Fra le formule che via via vengono sciorinate per la composizione del nuovo governo ce n’è una che sembra godere del favore di una parte cospicua del parlamento nazionale, il governo di minoranza. L’ha proposto, inascoltato, Silvio Berlusconi, a lungo. E’ stato necessario che le prove di alleanza fra M5S e Centrodestra si concludessero con un nulla di fatto perché il governo di minoranza ottenesse credito, rebus sic stantibus.
Luigi Di Maio non vuole Forza Italia nel governo, meno che mai uomini di Berlusconi. Matteo Salvini non vuole alleanze con il Pd. E il Pd non vuole alleanze con i vincitori, perché spetta a loro governare.
La formula – governo di minoranza – costituisce una alternativa ai veti incrociasti? Dal punto di vista costituzionale non lo è. Il governo deve ottenere la fiducia della maggioranza in Parlamento. Se non ce l’ha, deve rassegnare le dimissioni. I precedenti, tuttavia, non mancano. Espedienti: i governi di minoranza hanno avuto breve durata e sono serviti a traghettare la nave verso un approdo sicuro. O governi balneari e di fine legislatura, sprovvisti di maggioranza e tuttavia perfettamente legittimi.
Com’è possibile? Il Capo dello Stato nomina il Presidente del Consiglio e i membri del governo su proposta del premier, il Parlamento mette il bollo con la fiducia. Ma fino a che la fiducia non arriva il governo nominato resta in carica e svolge regolarmente le sue funzioni.
Ciò che propone Berlusconi, e Giorgia Meloni è d’accordo con lui, è ben altro. Vuole far nascere un governo di minoranza che possa rastrellare voti in Parlamento, di volta in volta. Buttarlo a mare senza sapere nuotare. Facendo ciò che a lui riuscì allorquando fu abbandonato da Gianfranco Fini. Ma una cosa è fare shopping in corso d’opera, assicurandosi il voto di cani sciolti e parlamentari disposti al salto della quaglia, ed un’altra “incardinare” una formula, che non ha alcuna base costituzionale per mancanza di maggioranza sin dalla nascita. addirittura ad inizio legislatura. Un parto innaturale, senza paternità. In vitro, dunque.
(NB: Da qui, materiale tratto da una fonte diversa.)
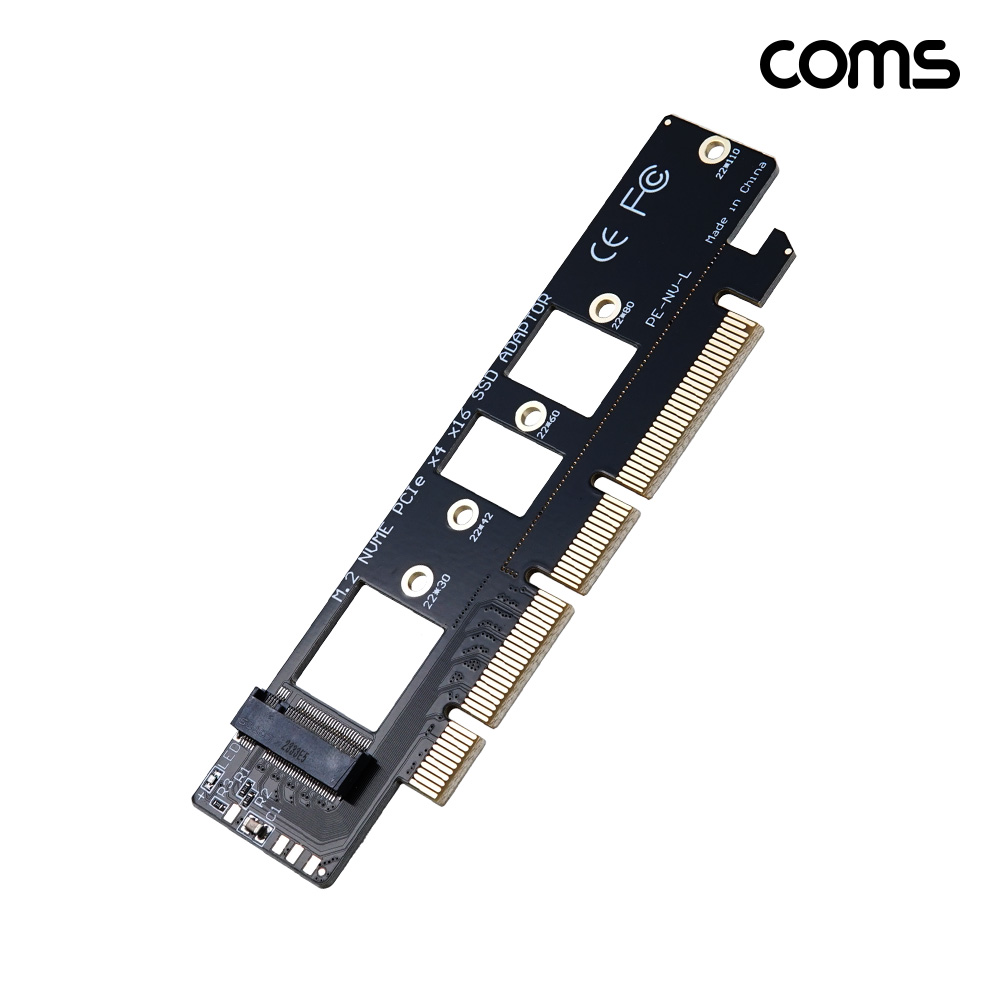 Coms M.2 SSD to PCIe x4 x16 NVMe M KEY 변환 어댑터 카드 PCI Express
Difficilmente Sergio Mattarella potrebbe accontentare il Cavaliere, il quale sa bene che la sua proposta impone un passaggio stretto, ma è vincolato dal bisogno di mantenere compatta la coalizione,lasciando a Salvini il ruolo di Presidente del consiglio in pectore.
Se Mattarella dovesse accettare la proposta di Berlusconi ed affidare così a Salvini l’incarico di formare il governo, sarebbe proprio il leader della Lega a rischiare di più, cavalcando la tigre del trasformismo. Quanto spazio avrebbe un governo siffatto e quale credito potrebbe avere? Quali strumenti riuscirebbe a mettere in campo? Su quali alleanze, esterne al Parlamento, potrebbe contare?
Di Maio, all’indomani della “chiusura” di Renzi al governo con il M5S, ha suggerito a Salvini di suggerire, insieme, al Quirinale, il ritorno alle urne. Con quale prospettiva? E’ vero che Di Maio così facendo passa il cerino ad altri, ma nel caso di bis – assai probabile – del risultato elettorale, si tornerebbe allo start up, come nel gioco dell’oca.
Ecco perché l’idea di un governo costituente, come estrema ratio, intravisto da Matteo Renzi nel corso dell’intervista di Fazio, possiede qualche margine di successo, esperiti tutti gli altri tentativi. Renzi vorrebbe che si tornasse a discutere sul cambiamento delle regole, partendo dalla considerazione che quelle in atto lasciano il Paese in braghe di tela. Proporzionale e tripartitismo non vanno d’accordo, com’è provato, non solo in Italia.
Una considerazione finale: il governo costituente di Renzi e il governo del Presidente, evocato da Silvio Berlusconi più volte, si sovrapporrebbero. Questa soluzione ha un handicap grave, è perorata dai due partiti che hanno perso le elezioni, il Pd e FI.